Diagnostic performance of immunohistochemistry markers for malignant pleural mesothelioma diagnosis and subtypes. A systematic review and meta-analysis

Malignant mesothelioma (MM) is a rare and aggressive tumor arising from mesothelial cells that line the pleura, peritoneal cavity, pericardium, and tunica vaginalis in the testis [1]. Most cases occur in the pleura, while peritoneal is rare, accounting for 10–15% of new MM cases [1], [2]. Malignant pleural mesothelioma (MPM) occurs more frequently with a unilateral recurrent pleural effusion and arises in older men [3]. MPM is divided into three histological subtypes: epithelioid malignant mesothelioma (EMM), biphasic malignant mesothelioma (BMM), and sarcomatoid malignant mesothelioma (SMM). The median survival is 9–12 months, with a 5-year survival of 5%. It is observed that EMM has a better prognosis compared with BMM and SMM [4]. More recently, it has been recognized that the clinical prognosis may also change in specific histologic subtypes and grading of EMM [1].

One of the most significant challenges in the cytopathological and histopathological diagnosis is the separation between reactive mesothelial cells and MPM. Reactive mesothelial hyperplasia may have atypical cells and mimic MPM, particularly in the context of infections, collagen vascular disease, pulmonary embolism, and pulmonary infarction [5]. The diagnosis may become more difficult for pathologists in cases with unusual variants since several morphologic changes have been described, such as deciduoid, clear cell, small cell, signet ring cell, pleomorphic, adenomatoid-like, and lymphohistiocytoid appearances [6]. Another challenge is the distinction between reactive stromal changes and SMM. In reactive conditions, the densest proliferation of cells is close to the surface; in contrast, SMM is more uniformly cellular through the thickness of the pleura [7].

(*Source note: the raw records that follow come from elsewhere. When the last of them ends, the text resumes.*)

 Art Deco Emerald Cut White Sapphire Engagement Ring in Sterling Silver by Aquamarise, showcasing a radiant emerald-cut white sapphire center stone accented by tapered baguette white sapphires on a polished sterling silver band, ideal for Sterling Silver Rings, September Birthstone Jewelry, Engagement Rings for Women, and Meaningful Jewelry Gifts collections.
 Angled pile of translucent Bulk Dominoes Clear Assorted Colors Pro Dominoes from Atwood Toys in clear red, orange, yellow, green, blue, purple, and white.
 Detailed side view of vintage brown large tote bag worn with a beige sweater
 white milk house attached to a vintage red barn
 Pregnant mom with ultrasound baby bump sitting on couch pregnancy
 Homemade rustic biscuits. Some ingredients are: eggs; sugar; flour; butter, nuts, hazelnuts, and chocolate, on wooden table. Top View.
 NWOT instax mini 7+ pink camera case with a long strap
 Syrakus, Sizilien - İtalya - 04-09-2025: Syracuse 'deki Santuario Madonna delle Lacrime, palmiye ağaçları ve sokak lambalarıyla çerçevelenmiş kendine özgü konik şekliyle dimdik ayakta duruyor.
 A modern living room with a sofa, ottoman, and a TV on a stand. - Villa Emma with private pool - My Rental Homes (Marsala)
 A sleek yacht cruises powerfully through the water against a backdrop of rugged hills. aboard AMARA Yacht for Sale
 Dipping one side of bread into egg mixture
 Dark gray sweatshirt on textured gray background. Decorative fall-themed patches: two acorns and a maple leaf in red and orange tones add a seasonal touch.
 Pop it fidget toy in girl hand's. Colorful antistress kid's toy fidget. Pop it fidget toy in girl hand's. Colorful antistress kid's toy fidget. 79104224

Ancillary studies are useful mainly in small biopsies and cytology. The combination of a large panel of biomarkers has been evaluated through immunohistochemistry (IHC), fluorescence in situ hybridization (FISH), enzyme-linked immunosorbent assays, and chemiluminescent enzyme immunoassays [8], [9]. The main ancillary study used by the pathologist is the IHC due to its cost-effectiveness and simplicity. Several IHC markers as mesothelial markers (CKAE1/AE3, calretinin, CK5/6, WT1, D2–40, HEG1) and epithelial markers (MOC-31, BerEP4, claudin-4) have been used to distinguish MPM, reactive hyperplasia or metastatic tumor [10]. However, these have not proven to be a specific biomarker to discriminate between benign and malignant cells. In recent years, new markers evaluated by IHC and FISH have shown high sensitivity and specificity, and some of them have been associated with prognosis [2]. Among the new markers are BAP1, MTAP, MET, 5-hmC, EZH2, HEG1, and GLUT1 [2], [11]. In line with the preceding discussion, this systematic review aims to assess the diagnostic efficacy of IHC markers commonly utilized to identify malignant pleural mesothelioma (MPM) and its subtypes, particularly regarding sensitivity and specificity.